According to the image processing algorithm, the features of the image are extracted and analysed to obtain the relative deviation angle and pixel distance between the AUH and the helipad. These processing results are sent to the STM32 through the serial port. The propellers are modulated according to the calculated deviation angle and distance through closed-loop PID control. Once the docking conditions are met, the propellers adjust the AUH to vertical attitude and push the vehicle downwards into the helipad(See Fig. 7).
Underwater Helipad
The helipad is the home port of the AUH. The supporting frame of the helipad is made of 980 steel pipes, 2.5 m in length and width, and 1.2 m in height. The main external frame of the support is the main bearing structure; it is welded with steel pipe with an outer diameter of 50 mm and a wall thickness of 5 mm. The internal supporting steel pipe is a square pipe with a wall thickness of 5 mm and a diameter of 50 mm. The helipad is a truss-like structure that fully utilizes its material strength with a minimal main frame weight. The helipad is small on the top and large at the bottom, which increases its standing stability. Its upper end is equipped with a guiding light and an acoustic transducer, and the lower end is equipped with mounting brackets, an electronic control cabin, a standby power supply cabin, and an underwater camera. The cabins are made of 6061 aluminium alloy. When the AUH docks with the helipad, the lander lands on a porous mounting plate.

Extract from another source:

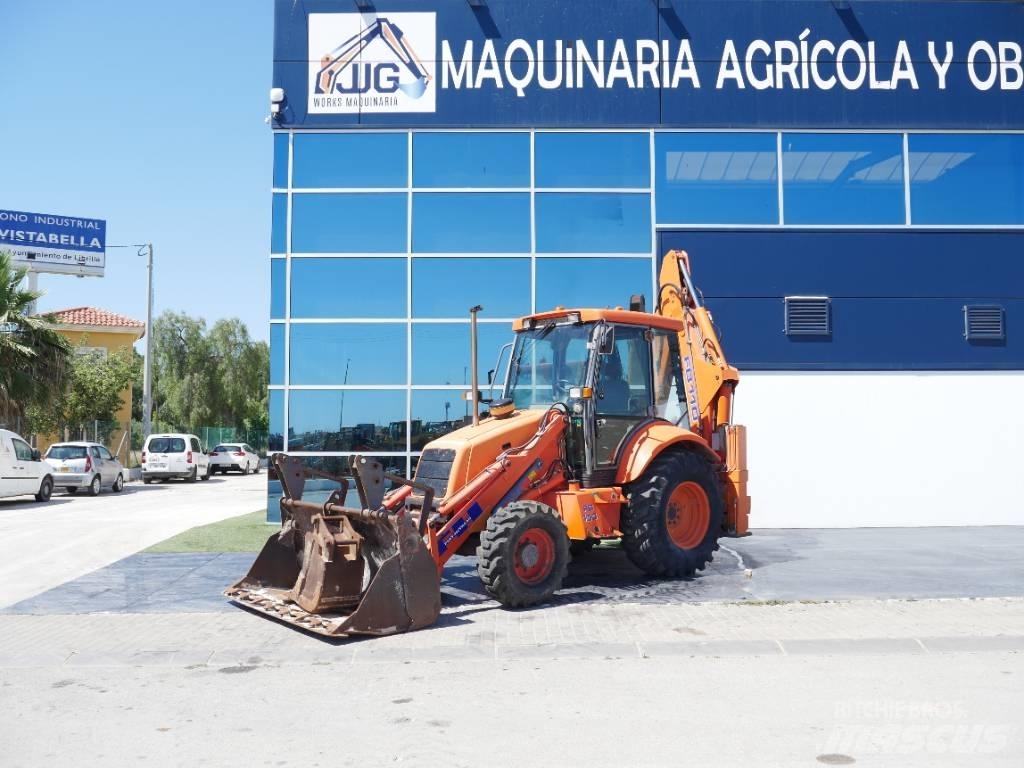 Fiat-Hitachi FB 110 Ekskavatori-iekrāvēji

After the AUH docks with the helipad, a locking device is activated, and wireless charging starts. Meanwhile, cruising data is uploaded, and a new task is downloaded to the AUH. A compact wireless power transfer system was built to enable contact-less power transmission from the helipad to the AUH. The WPT system, consisting of a DC voltage source, H-bridge inverter, magnetic coupler, compensation network, rectifier, capacitive filter, and controllers, is separated into two isolated parts, i.e., the primary side and the secondary side, as shown in Fig. 8. On the primary side, the H-bridge inverter outputs high frequency AC current to the primary side coil, establishing a high-frequency magnetic field. The high-frequency magnetic field is transferred to the secondary side coil through magnetic coupling, and then the secondary side rectifier converts the AC voltage to DC voltage, which is finally used to charge the battery with constant current output. As the equivalent resistance of the battery varies throughout the charging process, the WPT system should be able to maintain a constant output current and constant input current phase to retain stable and efficient operation. An LCCL compensation topology enables the system to output a constant current throughout the charging process.

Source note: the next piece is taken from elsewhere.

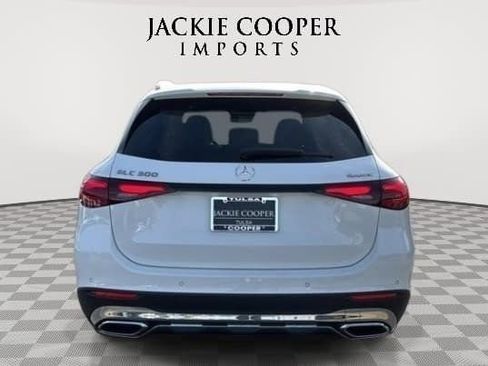 New 2026 Mercedes-Benz GLC 300 4MATIC image 4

A mechanical guidance frame ensures alignment of the transmitter and receiver coils. The electromagnetic coupling structure is shown in Fig. 8. As the acoustic receiver array is placed at the bottom of the AUH, the receiver coil is placed a distance away to reduce electromagnetic interference and increase efficiency.
Open-sea experiments
We tested the ultra-mobility of AUH in the open ocean, in which AUH takes typical actions like spin, vertical rotary, vectoring propulsion and hovering at any attitude in a complex underwater environment. Three dives were conducted over the course of 2 days, exploring in the Luhuitou Bay in Sanya, China. This environment offers complicated seabed topography with varying tidal conditions, allowing AUH to be evaluated in real-world conditions.
The AUH conducted about 30 min of continuous motion during each dive, at an average depth of 8 m and a maximum depth of 12 m. All of these tests evaluated the effectiveness of the AUH in ultra mobile motion control. The AUH’s trajectories were recorded by two divers using GoPro from distance of several metres.